Quand Lydia Tár devient chef d’un prestigieux orchestre, le firmament professionnel ne semble jamais assez haut pour son étoile. Reconnaissance, prestige, célébrité, rien ne lui échappe, sauf peut-être elle-même…
Les projecteurs s’allument dans l’auditoire et les considérations savantes de Lydia Tár font un brillant écho à l’introduction biographique du présentateur de la conférence. Elle est au sommet de sa gloire et, en tant que femme lesbienne, semble en tous points souffler un vent de fraîcheur sur le monde très select de la musique.

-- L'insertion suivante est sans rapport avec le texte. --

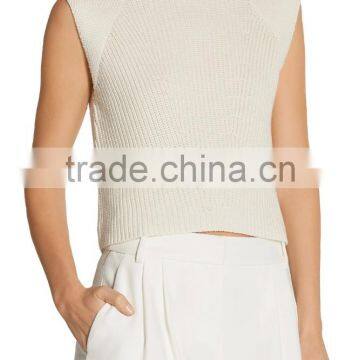 2017 New Display Ivory Cashmere Cotton and Silk Blend Slips On Knitted Top photo-2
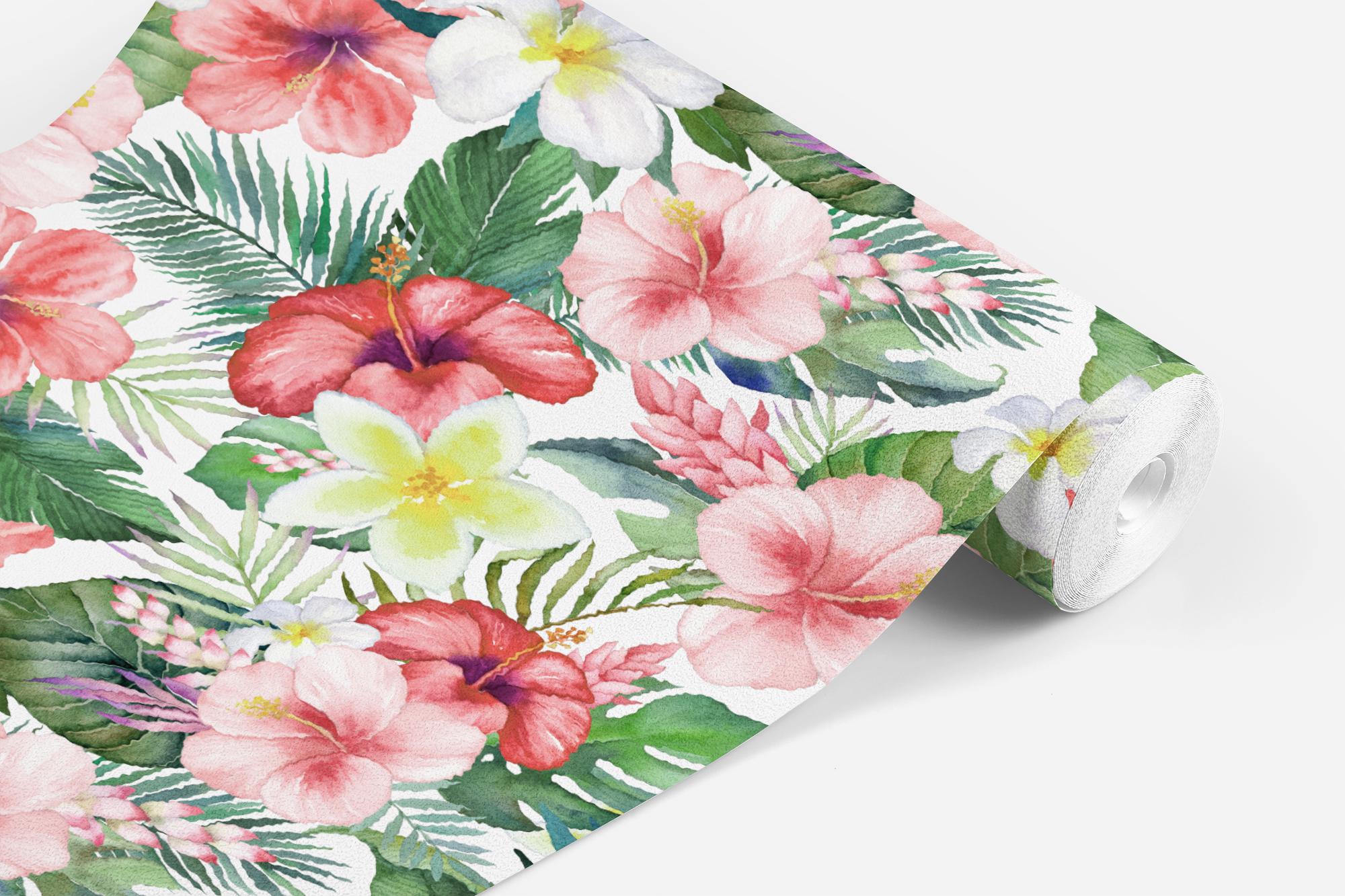 Tropical Hibiscus Red Pink Floral Wallpaper, Beachy Palm Coastal, Vintage Tropical Island Vibe, Lush Botanical Print - Image 11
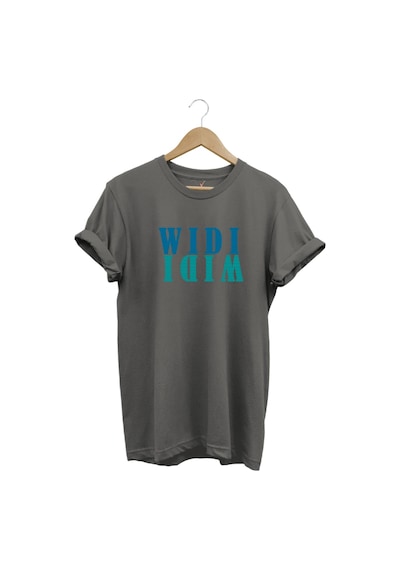 Widi Logo Aynalanmış Tasarım Baskılı %100 Pamuk Regular Fit T-shirt Gri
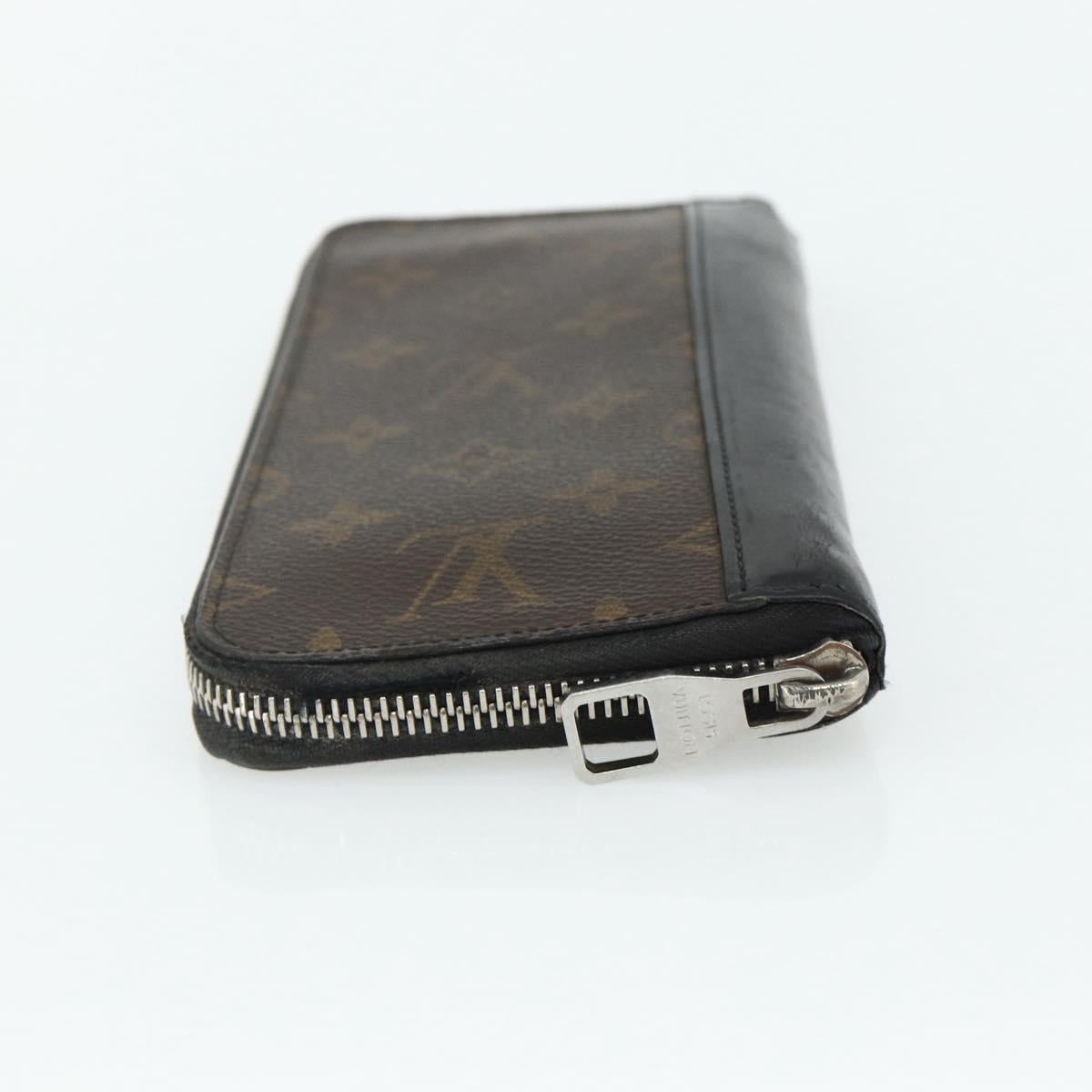 LOUIS VUITTON Monogram Macassar Zippy Wallet Vertical M60109 LV Auth bs35115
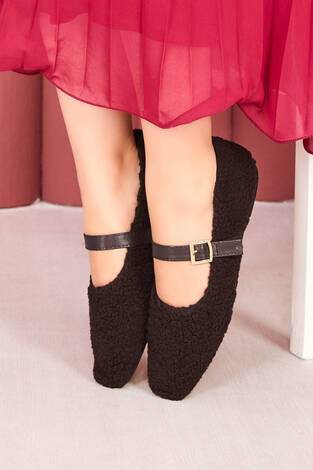 Gold Tokalı Teddy Babet Kahve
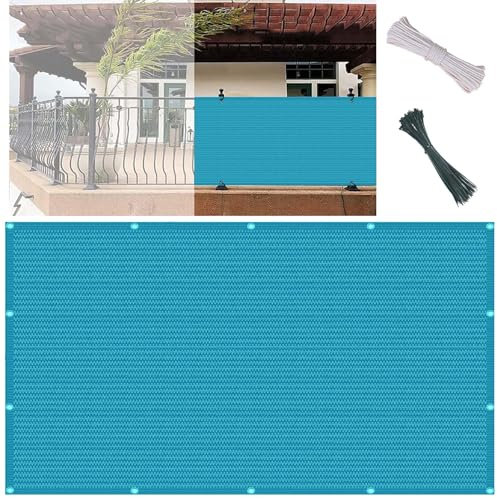 Balkon Sichtschutz 30 x 70 cm, UV-beständig, Veranda-Schattenspender mit Bindebändern und Ösen, Gartenzaun für Geländer, Terrasse, Blau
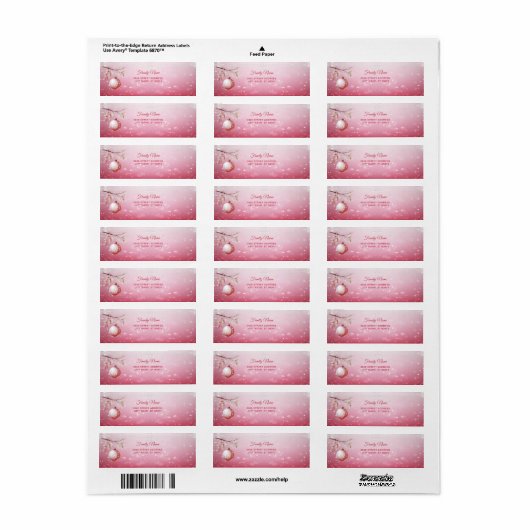Roze Kerstbal Retour Adres Label (Full Sheet)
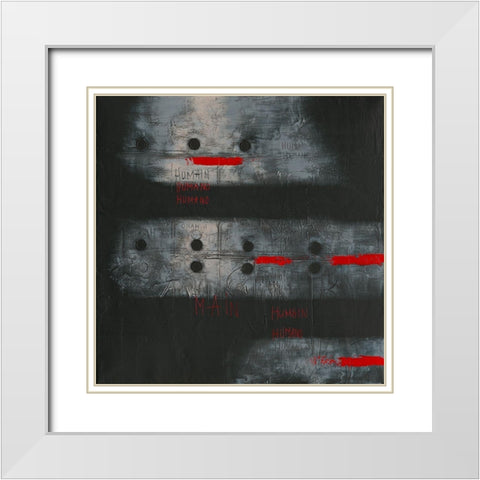 Humano - Diptyque I White Modern Wood Framed Art Print with Double Matting by Becam, Carole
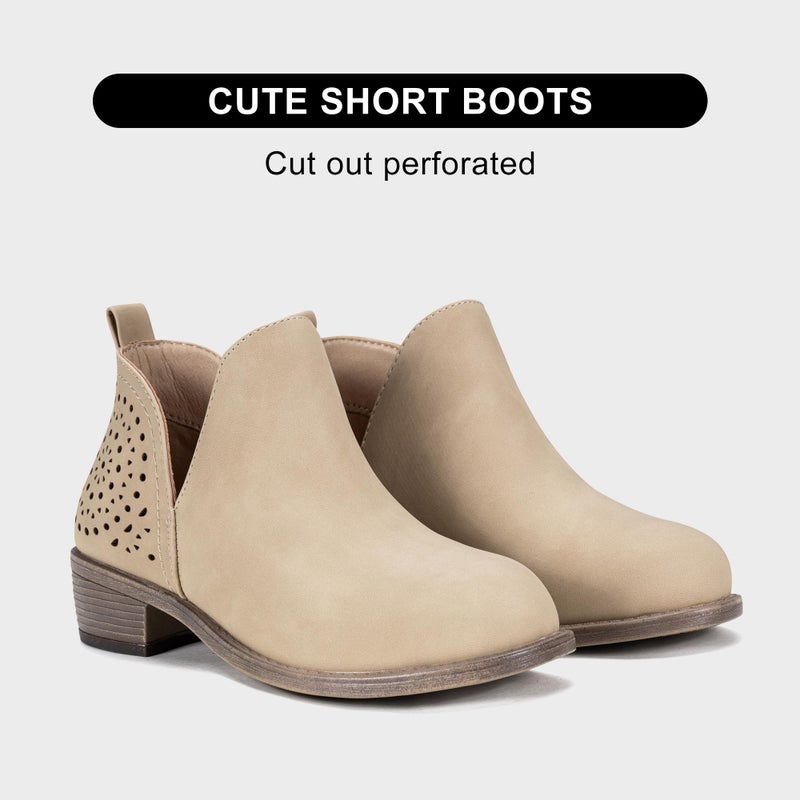 Vepose Women's Ankle Boots, Low Heel Chunky Cutout Booties, 912 - Tan Nubuck, Size 7 US - Perforated Western Shoes (CJY912 tan Nubuck 07) - Image 3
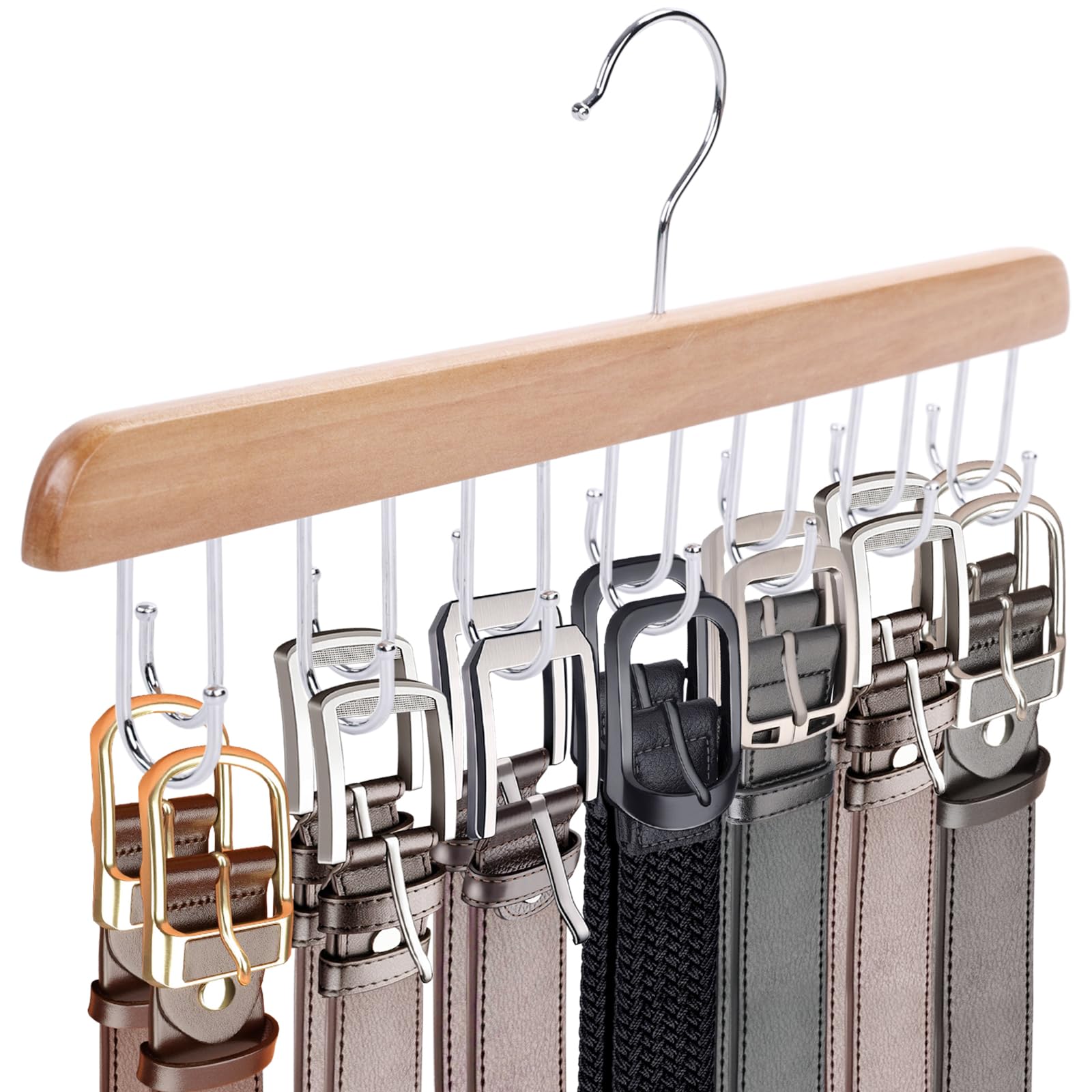 Johouse Belt Hanger For Closet, Belt Rack Belt Organizer 14 Hooks Belt Holder For Storage Max 42 Belts 360Rotating For Bra Tie T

Toutefois, sous des apparences de modernité, elle règne d’une main de fer sur son monde et son autorité quasi sacerdotale, politiquement incorrecte, l’emmène dans les régions brumeuses du harcèlement.
Entre l’histoire sombre d’une ancienne étudiante qui s’est suicidée – peut-être en raison d’une relation abusive – et les jalousies suscitées par les faveurs qu’elle accorde à une jeune musicienne, la blancheur immaculée de ses chemises de soie se ternit dangereusement à coups de on-dit. Tàr est-elle vraiment coupable de ce que les jacqueries du web l’accusent ? On ne le saura pas, mais elle se prend dans les fils inextricables de la toile.
Dans ce film, Todd Field montre avec subtilité l’économie des relations, comme elle se joue, en tapinois, dans un regard, une parole retenue. Le jeu des ego s’illustre ici dans toute sa force dans l’enchevêtrement des relations professionnelles et personnelles. En décidant délibérément de ne pas faire de la vérité un enjeu de l’histoire, Field renouvelle le type du film de montée et de chute sociale en basant sa trame sur les contingences de l’opinion publique. De Tár, l’on ne sait que les apparences ; l’intérieur peut s’imaginer, mais nous restons ignorants, ce qui doit nous faire méditer sur le potentiel de lynchage médiatique qu’offrent les réseaux sociaux.
Malgré quelques longueurs, la dimension esthétique est une réelle réussite. Emmené par une Cate Blanchett à son acmé, le film fait la part belle à des décors et lumières bien choisis et offre de vrais moments musicaux de qualité, l’orchestre étant réellement dirigé par Cate Blanchett, qui a appris le métier pour l’occasion. Les ambiances sont soignées et participent pleinement à l’évolution du récit, qui ne croule pas sous les péripéties. L’ensemble souffre peut-être un peu d’un manque de clarté ou de rythme, mais épouse bien en cela le caractère parfois obscur des ressorts de la vie.